Over the past year, to help drive better search and retrieval results for our enterprise customers, we launched state-of-the-art Embed and Rerank models, along with modeling and API improvements. Integrating our newest model, Command R, transforms complex tasks like retrieval-augmented generation (RAG) with external APIs and tools into a seamless experience, simplifying deployment and enhancing accuracy like never before.

Below we answer some of the top questions from our customers who are rolling out RAG solutions and aiming to optimize their search and retrieval systems.

Why is search and retrieval so important for RAG solutions?

No matter how good your generative model is, it's only as good as the information that is found with search.
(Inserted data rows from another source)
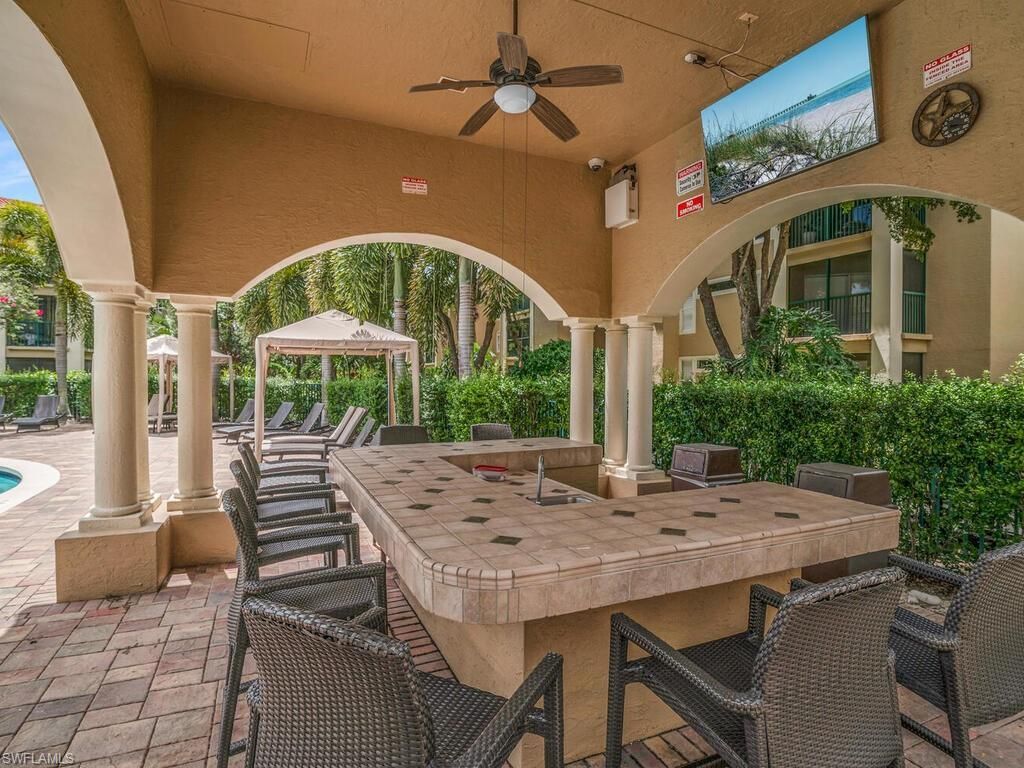 8930 Colonnades Ct E, Unit 612, Bonita Springs, FL 34135 Photo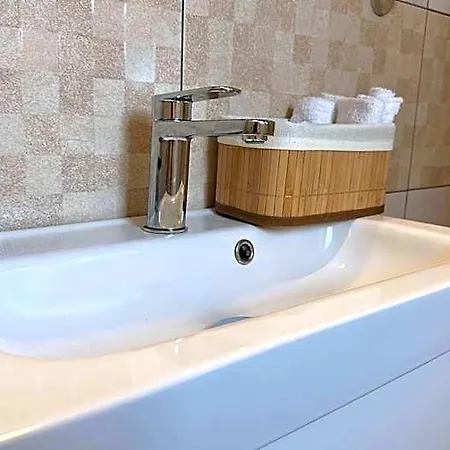 Leo House Kea Апартаменты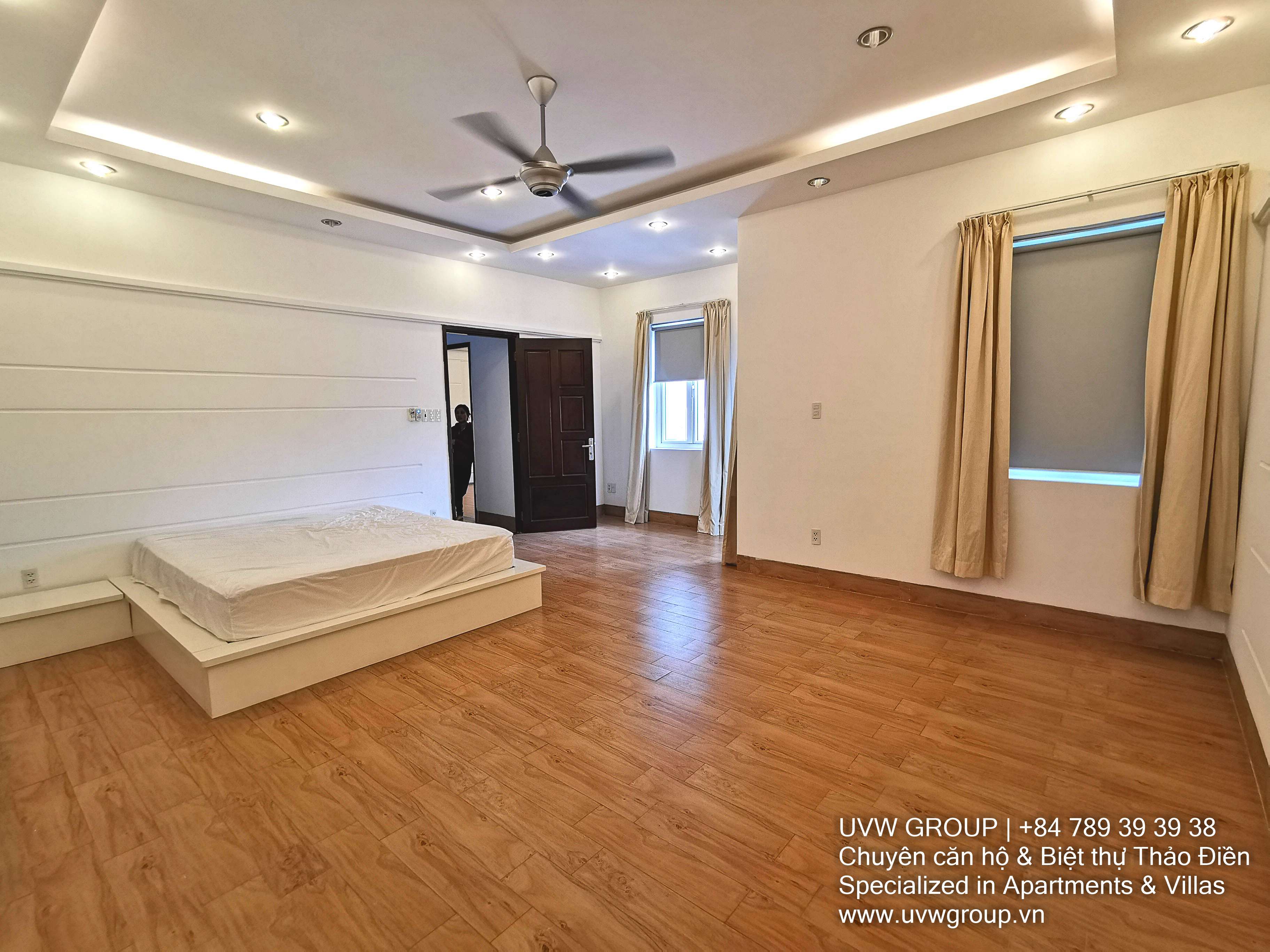 Fully furnished 5-bedroom luxury villa for rent in Thao Dien with 450m² area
RAG improves the results of generative models by connecting them with sources of information, like proprietary datastores, and augmenting the original prompt with contextually relevant information. RAG is composed of two parts, the retrieval mechanism and the augmented-generation mechanism. For best results, you need a strong search and retrieval engine. You want to find the best information among potentially competing sources of truth with varying levels of quality that are the most contextually relevant and impactful, but you want to do it in the most efficient, fast, and responsible way. This requires careful consideration and implementation, and a solution that can scale with large volumes of data and growing usage.

What strategies should I be thinking about to help improve search results?

We recommend adding a reranker to any search system for better results.

A reranker model significantly boosts search effectiveness for businesses by refining initial search results to prioritize relevance and accuracy. It dynamically assesses and rearranges search outputs based on a deeper understanding of query intent and content context. This not only makes search experiences better for users by delivering precisely what they're looking for, but it also cuts down on time spent sifting through irrelevant results. A reranker can be a game-changer in providing superior search experiences and driving better engagement.

When should I use embeddings search versus just a reranker?

For optimal RAG performance, we recommend using a combination of embeddings search with a reranker.

We’ve already explained why adding a reranker to any search system significantly improves preliminary results. But a reranker alone has limitations. It can only process a few hundred documents at once. You will always want some kind of first-step retrieval that takes you from billions of search results to hundreds. Then a reranker can take the hundreds of results to a few high quality answers.

When building AI solutions with RAG, particularly when you are working with noisy and multilingual data sources, we recommend using semantic search with embeddings as that first-step retrieval. Embeddings search provides another layer of context and quality to your RAG pipeline that ultimately will improve the overall performance of your AI application. Embeddings also offers an easier way to implement multilingual and multi-hop search solutions at scale. Combining embeddings search with a reranker provides the best available quality search for RAG solutions.

When should I consider fine-tuning a reranker model?

Fine-tune a reranker if your solution contains intricate terminology, context, and domain-specific knowledge requirements.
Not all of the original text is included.